Aylardır siyaset sahnesinden inmeyen soğan, patates, beka tartışmalarında son söz yine seçmenin oldu.

Demokrasi denilen şeyin en güzel yanı da bu değil mi zaten?

Kim ne derse desin, rakibine hangi argümanlarla yüklenirse yüklensin, kararı vakti zamanı gelince memleketlinin bizatihi kendisi veriyor. 

Dolayısıyla…

14 Mayıs’ta yine gördük ki, seçmene ait oy’a yön tayin etmek öyle kolay olmuyor.

Zira pek dikkate alınmasa da, her memleketlinin kendince;

- Duruşu

- Doğruları

- Vicdanı 

- Aklı 

Ve bunların minvalinde bir muhasebe yeteneği var.

İşte bugün…

Art arda sıraladığımız tüm bu bileşenlerdir Meclis’i yeniden şekillendiren.

Bu bağlamda, bilhassa dikkat çekmek istediğim hususa gelince…

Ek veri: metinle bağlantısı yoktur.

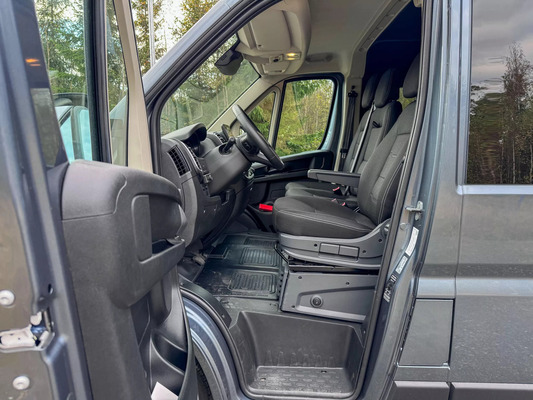 Koeajo: Retkeilyauto Toyota Proace Max tarjoaa monikäyttöisen tukikohdan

14 Mayıs sonrası şapkasını önüne alıp düşünmesi gerekenler, sandıktan çıkan karara burun kıvırıp, ‘kazandık’ diyen seçmenin akıl ve iradesiyle alay etmemeli.

Nitekim…

Bilinmeli ki, bu topraklarda seçme hakkı verilen hiç kimse geri zekâlı ya da aptal değil!

Neticede;

- Her seçmen oyunu, bağımsız bir irade ile bağımsız bir Türkiye için kullanıyor

- Her seçmen oyunu, kendi kendine rahatça yetebilen güçlü bir Türkiye hayaliyle kullanıyor

- Her seçmen oyunu, kendi için değil, kenti için çalışacak olanlardan yana kullanıyor

- Her seçmen oyunu, ülkesi, memleketi, işi, aşı, bugünü ve yarınları için kullanıyor

Hep derim.

Şimdi de yazıyorum.

Saygı duymak, saygınlığı artırır efendiler.

Topraklarımızda kaybedenin olmayacağı bir beş yılın temennisiyle, ‘memleket için hayırlısı ne ise o olsun’ demek lazımdır.